Reaparece igualmente el PSOE, también moderando su primitiva intransigencia. La gustaría un país federal en el que Cataluña tuviera un reconocimiento de su especificidad. Menos da una piedra y algún socialista llega incluso a hablar de “bilateralidad”, si bien otros recuerdan que cualquier reconocimiento de especificidad y bilateralidad deberá hacerse en el marco constitucional de la igualdad de todos los españoles. Al margen de que los españoles no seamos iguales, yendo a la letra pequeña de la oferta, se descubre que esta viene a ser como la cuadratura del círculo: la singularidad catalana dentro de la igualdad española.

Una vez más alguien está dando vueltas a eso que llaman “el encaje” de Cataluña en España, una expresión convencional cada vez menos significativa. ¿Y si, en realidad, Cataluña no tuviera encaje en España? No es cosa de remontarse a los siglos pasados, práctica muy socorrida en estos casos. Basta con observar cómo en el último, Cataluña se ha desarrollado en un sentido mientras España lo ha hecho en otro, hasta llegar a ser dos países distintos.

Cataluña ha adquirido una plenitud que España no tiene y encajar la una en la otra pudiera ya ser imposible por falta de fórmulas para ello. Pero el nacionalismo español, siempre dos pasos por detrás de la realidad, insiste en proponerlas dando por nuevas algunas que, como el federalismo, cayeron en desuso antes de estrenarse. Un espíritu generalizado en el independentismo tiende a ver la propuesta federal como algo ya anacrónico y exige el paso al referéndum unilateral. Es posible que este paso acabe siendo necesario, pero en el momento actual, la posición de Puigdemont, parece dictada por la prudencia del que quiere transitar “de la ley a la ley”, razón por la cual se muestra dispuesto a un referéndum en el que el federalismo fuera una posibilidad. Pero el referéndum es el punto de partida, no el de llegada.
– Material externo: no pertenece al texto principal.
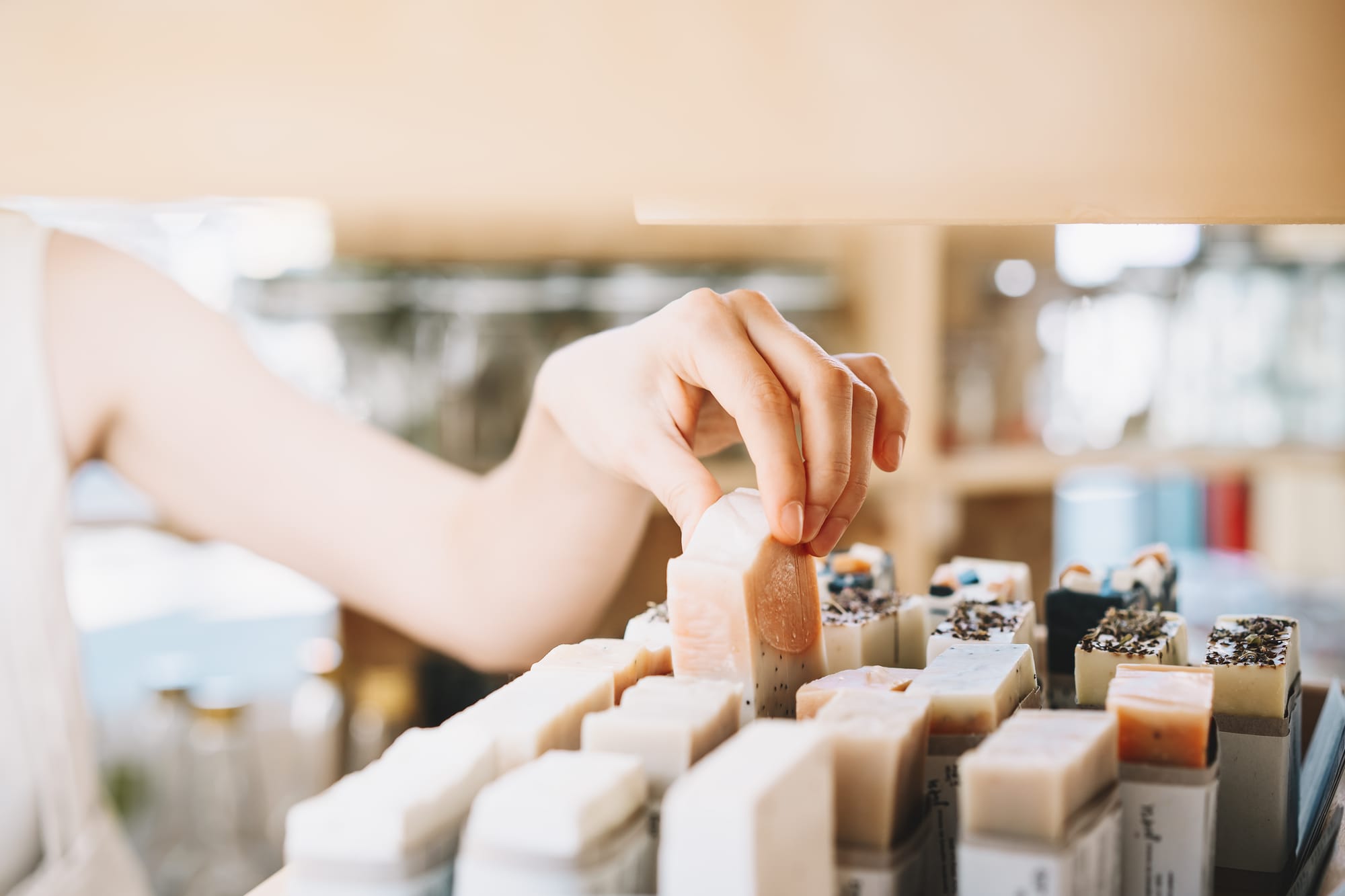 Natural Soap Australia: From Farm to Bathroom in a Local Revolution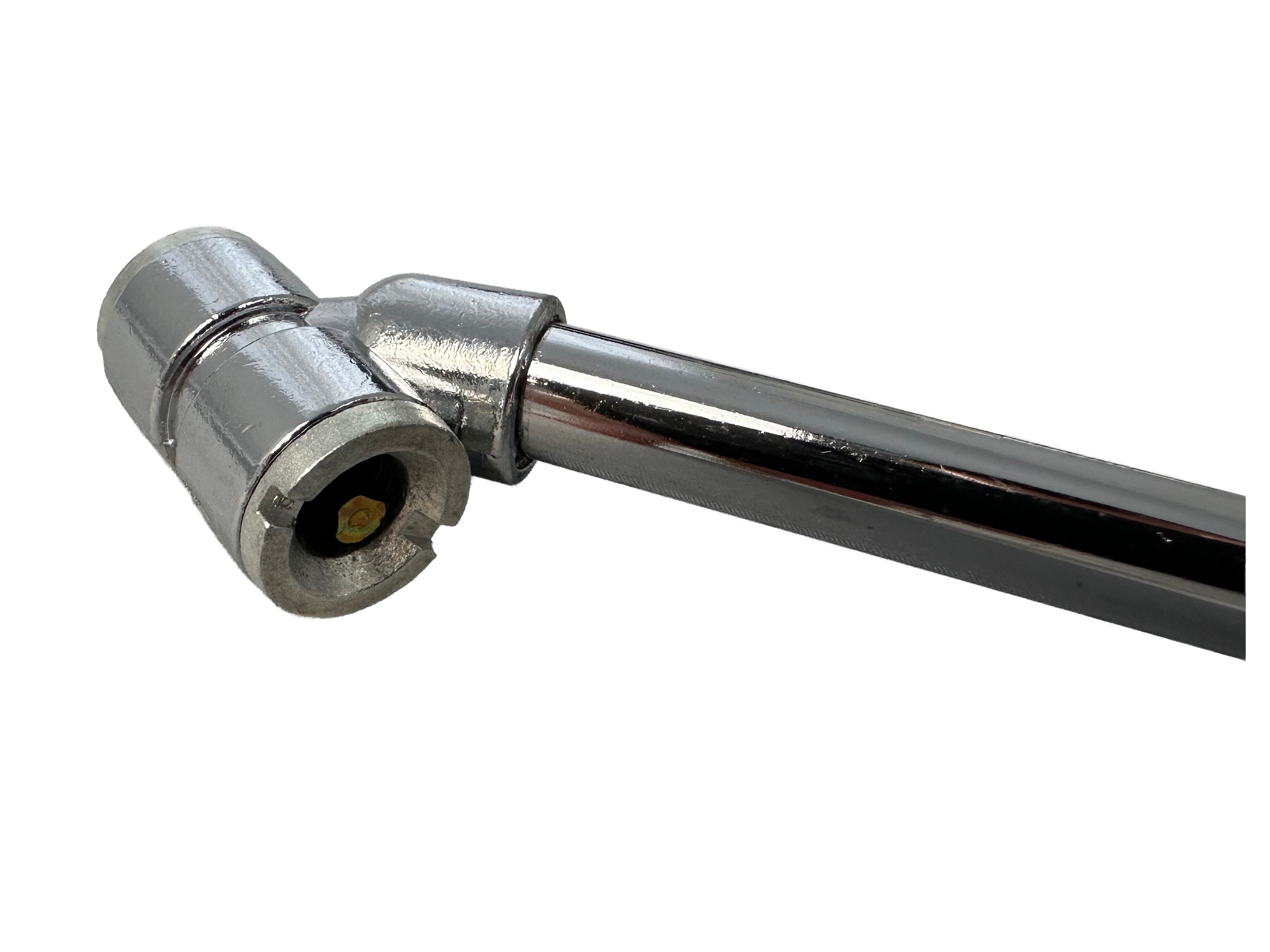 Kerékfújó pisztoly digitális nyomásmérővel 0-255 psi GEBO TOOLS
¿Cómo han admitido por fin los nacionalistas españoles una ronda de ofertas de reforma de la Constitucion? Sencillamente, porque no les ha quedado más remedio. Al comienzo de la polémica, nadie pensaba que el proceso soberanista alcanzara el punto que ha alcanzado, en el que la independencia es una opción real. A partir de cierto momento se considera imprescindible contrarrestarlo haciendo propuestas más o menos razonables. Este es el giro de la política española, propiciado seguramente por las nuevas elecciones del 26 de junio, de las que Sánchez hace responsables a los independentistas catalanes.

Y ¿a qué se deben esas propuestas más o menos razonables sino es a la unidad del frente independentista? En el fondo, bien claro está, en la crisis del sistema español, la Cataluña independentista actúa como la verdadera esencia de una oposición que falta en España. La oposición verdadera en el Estado está territorializada y se llama Cataluña. Es la unidad del independentismo el que fuerza al nacionalismo español a hacer ofertas de reforma para resolver la crisis constitucional. Con todo y ser insuficientes, más lo serían si esa unidad se rompiera por las razones que fueran. En ese caso, las ofertas desaparecerían como por ensalmo.

Es la insistencia en la opción independentista la que fuerza la presentación de fórmulas reformistas que tratan de evitar la convicción de que, en el fondo, Cataluña no tiene encaje en España o, como sostenemos aquí, Cataluña no cabe en España. Si la voluntad política independentista catalana se rompiera, el horizonte de la construcción de un Estado desaparecería y volverían los tiempos de la Comunidad Autónoma, eso sí, muy específica.